Après un débat tranché en 2016, Emmanuel Macron promettait d’éradiquer progressivement les pesticides de nos sols et de nos cultures. Pour nous la question était réglée : plus jamais de néonicotinoïdes dans nos champs. Pourtant, en plus d’être réintroduit, le projet de loi va à l’encontre du principe de régression issu de la loi biodiversité de 2016. Ce dernier stipule qu’un projet de loi ne peut faire l’objet que d’une amélioration constante en matière d’environnement.
D’autres points sont également à interroger : en plus de soutenir un projet de loi qui amènera, on le sait d’ores et déjà, d’autres filières à demander des dérogations, les conditions d’application sont irrationnelles. En effet, la ministre de la Transition écologique a assuré qu’ils ne seront utilisés qu’en prévoyance d’un hiver trop doux. Mais comment savoir plusieurs mois auparavant quelles seront les températures que nous connaitrons pour le prochain hiver ?
Il est urgent d’agir pour une biodiversité qui vit une situation d’agonie. Les derniers rapports le montrent assez, à commencer par le dernier en date, le rapport sur l’état de la nature dans l’union européenne. Cependant, cela ne nous étonne qu’à moitié puisque les décisions prises par le gouvernement ne semblent pas s’orienter vers plus de vert. En témoigne, et je l’avais déjà souligné, la maigre consolation obtenue pour l’environnement dans le plan de relance…
Quels arguments les supporters du projet de loi avancent-il ? Il faut maintenir les emplois dans la filière de la betterave. Soit, mais qu’en est-il des apiculteurs, par exemple, qui voient leurs activités directement menacées par l’utilisation de ces pesticides ? Car, en réalité, les difficultés rencontrées par les agriculteurs ne trouvent pas leur cause dans la perte de volume.

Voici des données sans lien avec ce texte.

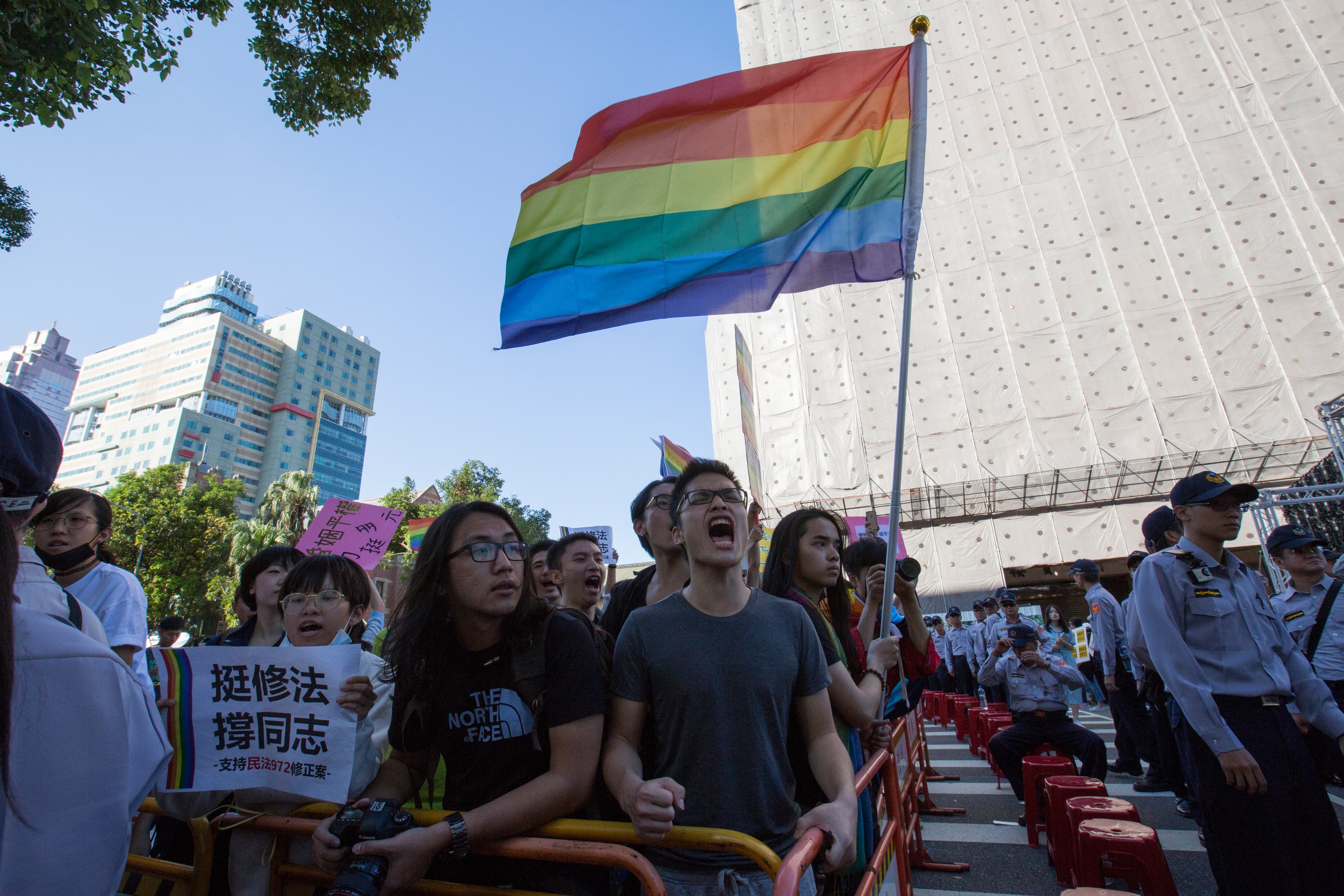 立法院外也聚集不少民眾高舉彩虹旗,支持修法,力挺同志族群。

La source du problème est donc ici, mal appréhendée. C’est bien la surproduction mondiale de sucre qui a conduit à un effondrement du prix, ce qui a grandement impacté les agriculteurs. Habile, car il est plus confortable de pointer du doigt le puceron vert plutôt que de repenser l’ensemble d’un modèle économique libre échangiste. La preuve en est : la France exporte quasiment la moitié de sa production de sucre à l’union européenne et ailleurs. Cette situation emmène d’ailleurs la France dans une situation paradoxale puisque, sa production de sucre bio étant trop faible, nous sommes contraints à l’importer.

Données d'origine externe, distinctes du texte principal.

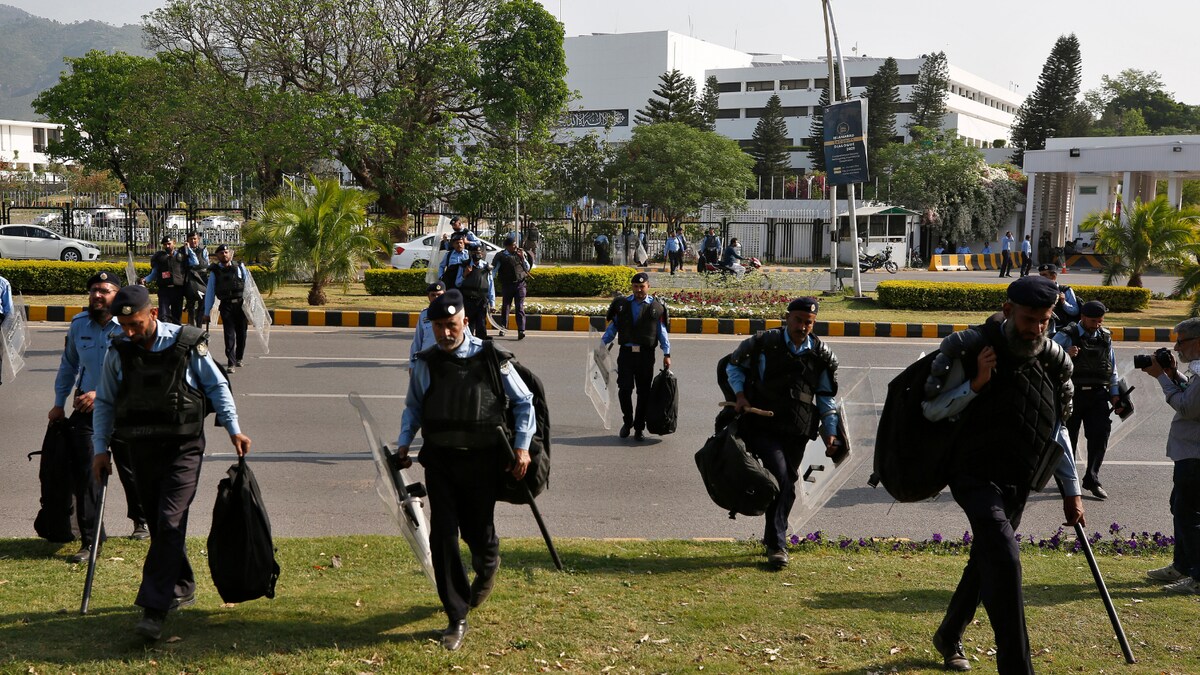 Pakistani Man from Minority Ahmadi Community Stabbed to Death Over Faith: Police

Les solutions sont ailleurs : la mise en place de quotas, un nouveau cadre budgétaire pour l’agriculture et surtout l’introduction d’une transition écologique pour rendre notre agriculture plus résiliente et plus durable. Ce sont ces mesures et seulement elles qui permettront de mieux protéger nos cultures, les producteurs ainsi que les consommateurs.
Enfin, les Républicains avaient introduit au dernier moment un nouvel amendement qui entendait acter dans la loi l’impossibilité d’interdire un pesticide qui ne trouverait pas d’alternatives sur le marché. Comme l’avait expliqué mon collègue Joël Labbé dans un entretien dans Libération, c’était une porte ouverte à tous les pesticides. En effet, une fois validés, comment les interdire ? Heureusement la commission mixte paritaire (CMP) a supprimé cet amendement.
N’apprendrons-nous jamais de nos erreurs ? Des rapports fréquents nous alertent sur l’état de notre environnement, mais nous préférons débattre dans l’hémicycle d’un projet de loi qui attaque directement une biodiversité déjà fragile. Face à un exécutif qui ne cesse de se contredire sur les mesures sanitaires ou sur sa vision de l’écologie, il est temps d’agir pour la transition de notre modèle agricole qui ne peut plus attendre.